You stare at the phone. Then you get up and walk away. Returning, the phone is still sitting there. Then you snatch up the receiver and quickly dial the number before you can put it off again.

It usually starts out something like that for a reporter, on the phone, at the front door or at the scene of a tragedy.

It is the worst moment in the life of a family, a jumbled intersection of horror, shock and sorrow. Then come the reporters. And the cameras.

There is nothing to prepare you for situations in which, as a reporter, you are compelled to intrude despite the discomfort. The stories are too important not to try. Their stories matter because families touched by tragedies are Everyfamily. They are us.

The mother whose son was just killed in an inexplicable rampage. The two sets of parents whose college-student sons have perished in a fire. The family of a young woman found dead after a cruel five-month disappearance.

And similarly, there is no instruction book for grief, so the response from families pressed to tell their stories have varied and none is wrong. Some withdraw, others lash out. Others find in reporters a voice through which they can share their anguish with a community distantly sharing its grief, to tell why this person mattered. They don't call them "loved ones" for nothing.
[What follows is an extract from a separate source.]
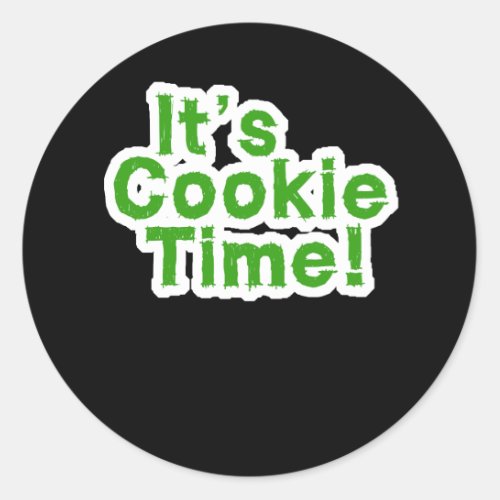 Funny Its Cookie Time Scouts Girl Kids Scouting Mo Classic Round Sticker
There is no chin-pulling ethical dilemma here about a reporter's detaching feelings: Writing sad stories is sad. Emotions, unlike opinions, are true and undeniable.

A family who has honored you with their trust of telling their most awful and intimate story is a privilege, demanding sensitivity — and really, just simple humanity. It also heightens the responsibility of being their voice, of getting it right, of not making a horrible situation worse.

Families publicly grieving offer us all lessons: the meaning of grace in this troubled life; the value of family and friends, and on the process of grief, in particular, that some parts of that process never end.

That's why you don't forget them. Ever.